Kılıç: “Bu, gazetecilik davası!”
İstanbul Valiliği önündeki eylemde konuşan Bülent Kılıç, “Boynuma basan polis halâ görevde, hangimiz kendisini güvende hissediyor?” diye sorup gösterdikleri dayanışma için meslektaşlarına teşekkür ederek şöyle sürdürmüş: “Böyle bir reaksiyonla tüm kamuoyunun olayı sahiplenmesi beni çok mutlu etti. Bir dakikalık bir süreydi herhalde. Zaman zaman aklıma geldikçe halâ daha demoralize oluyorum. Çünkü bir insanın nefesinin kesilmeye çalışılması kadar vahşi bir durum yok. Maalesef ben buna birebir şahitlik ettim. Bütün arayanlar, soranlar yüreğinden konuştu. Böyle bir vahşetin kabullenilemeyeceğini söylediler. Görüntü o kadar ağırmış ki insanlar gerçekten böyle bir reaksiyon verdi. Dünden beri beni çeşitli televizyon ve gazetelerden arkadaşlarım arıyor. Çünkü beni tanıyorlar, birbirimizi tanıyoruz. Sokakta beraberiz. Senelerdir bu işin içinde birlikteyiz. Ama nedense bazı kesim televizyon ve gazeteler bunu görmediler. Bu beni çok üzdü. Bu mesleki bir sorun. Bunun ötesi berisi gerisi yok, siyaseti yok. Bugün bir doktor acil serviste dövüldüğünde, öldürüldüğünde bütün doktorlar buna karşı çıkıyor değil mi? Neden bütün gazeteler bu şiddet vakasına karşı çıkamıyor? Bir gazetecinin dövülmesi ya da ezilmesinde karşı çıkılmayacak nokta neresi? Bu, gazetecilik davası.”

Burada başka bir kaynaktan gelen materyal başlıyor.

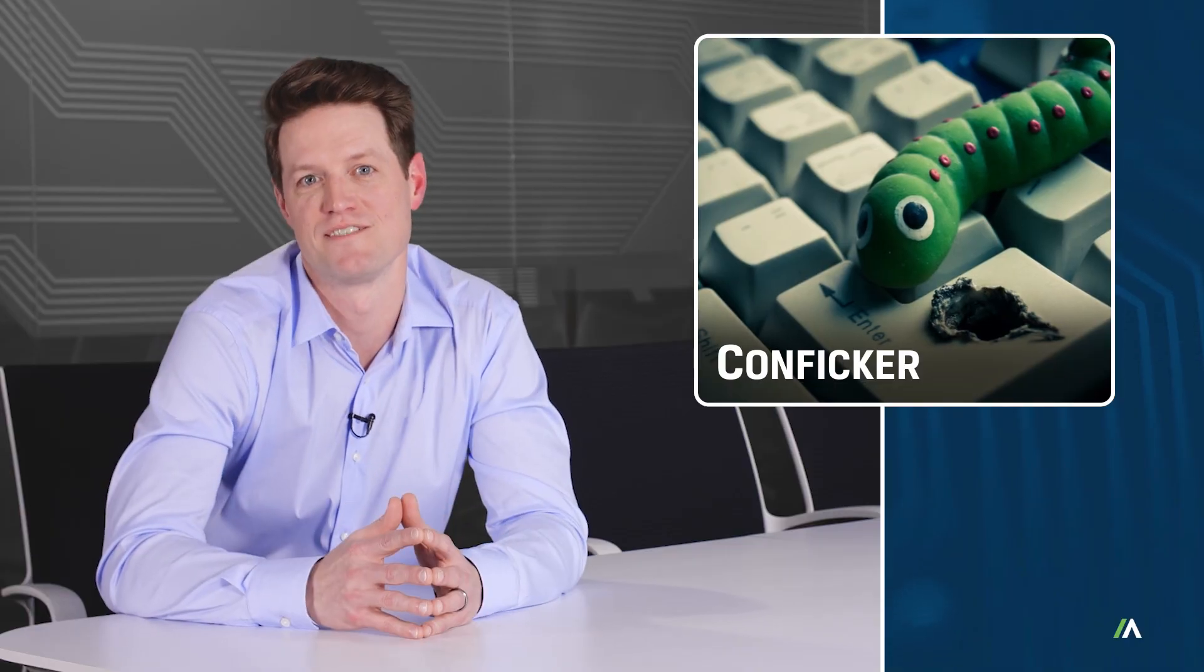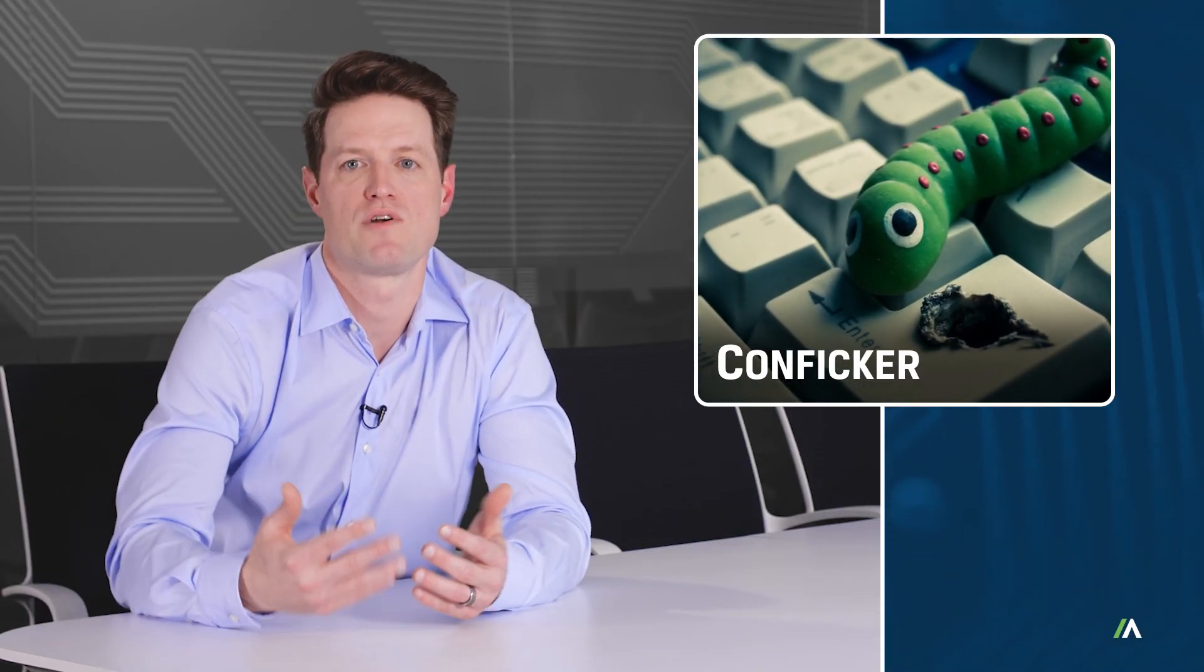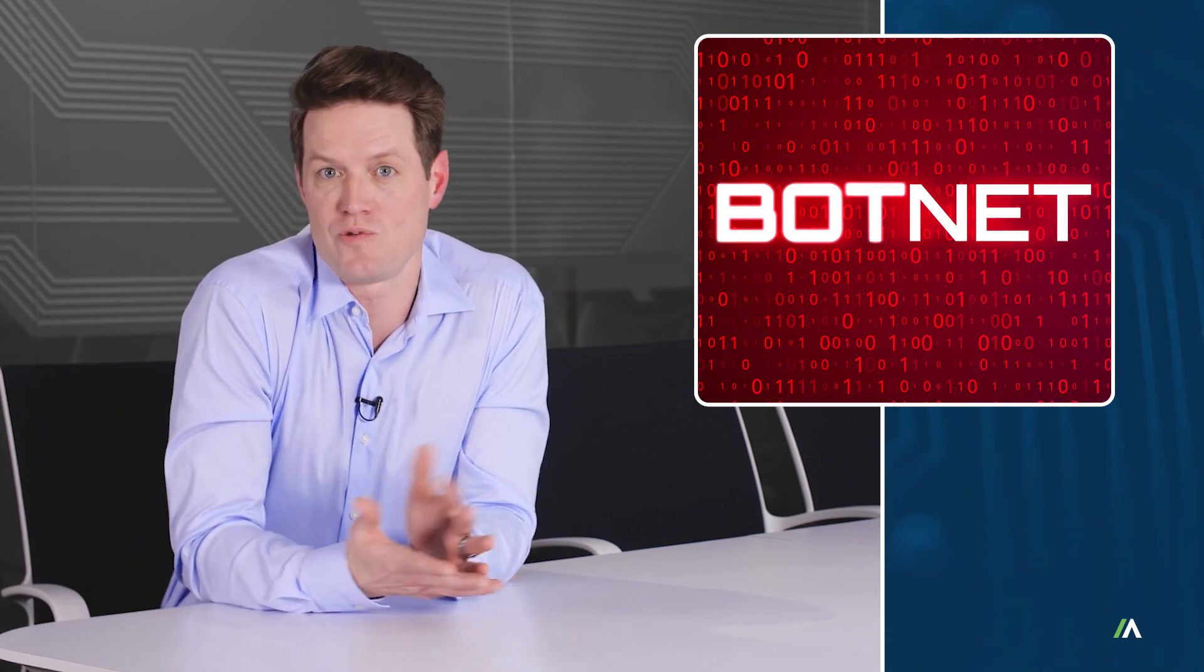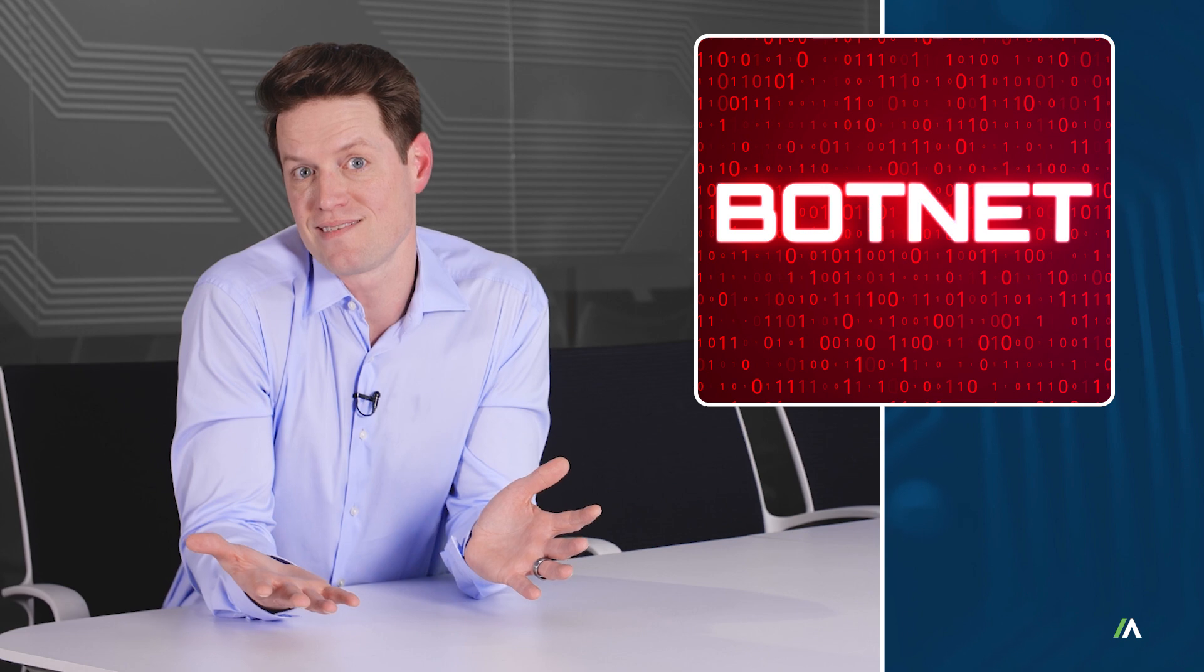Number four, Conficker. In 2008, this worm exploited a number of Windows operating systems. It then linked these computers together into a massive botnet, which was a new idea at the time. Conficker had several spoils of victory, including the creation of a whole new class of threats, and leaving many world leaders no choice but to call in favors from other nations to mitigate the attack.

“Gazeteciliği boğamayacaksınız!”
Kılıç’ın yaptığı konuşmanın ardından basın meslek örgütleri (Avrupa Gazeteciler Birliği /AEJ Türkiye Temsilciliği, Basın Konseyi, Çağdaş Gazeteciler Derneği, Dicle Fırat Gazeteciler Derneği, Diplomasi Muhabirleri Derneği, DİSK Basın-İş, Ekonomi Muhabirleri Derneği, Gazeteciler Cemiyeti, Haber-Sen, İzmir Gazeteciler Cemiyeti, Parlamento Muhabirleri Derneği, Samsun Gazeteciler Cemiyeti, Türkiye Foto Muhabirleri Derneği, Türkiye Gazeteciler Sendikası ve Türkiye Haber Kameramanları Derneği) tarafından şu ortak açıklama yapıldı:
“Anayasa ile güvence altına alınan protesto hakkı fiilen yasaklanmış durumda. Geçim sıkıntısı yaşayan, haksızca işten atılan, mahallesine, ormanına, denizine sahip çıkmak isteyen, kimliklerine saldırılmasına karşı çıkan insanlar, polis ve jandarma şiddetine uğruyor, seslerini duyuramıyor. İşte hakkını aramak için sokağa çıkan bu yurttaşları haberleştirmek gazetecinin kamusal görevidir.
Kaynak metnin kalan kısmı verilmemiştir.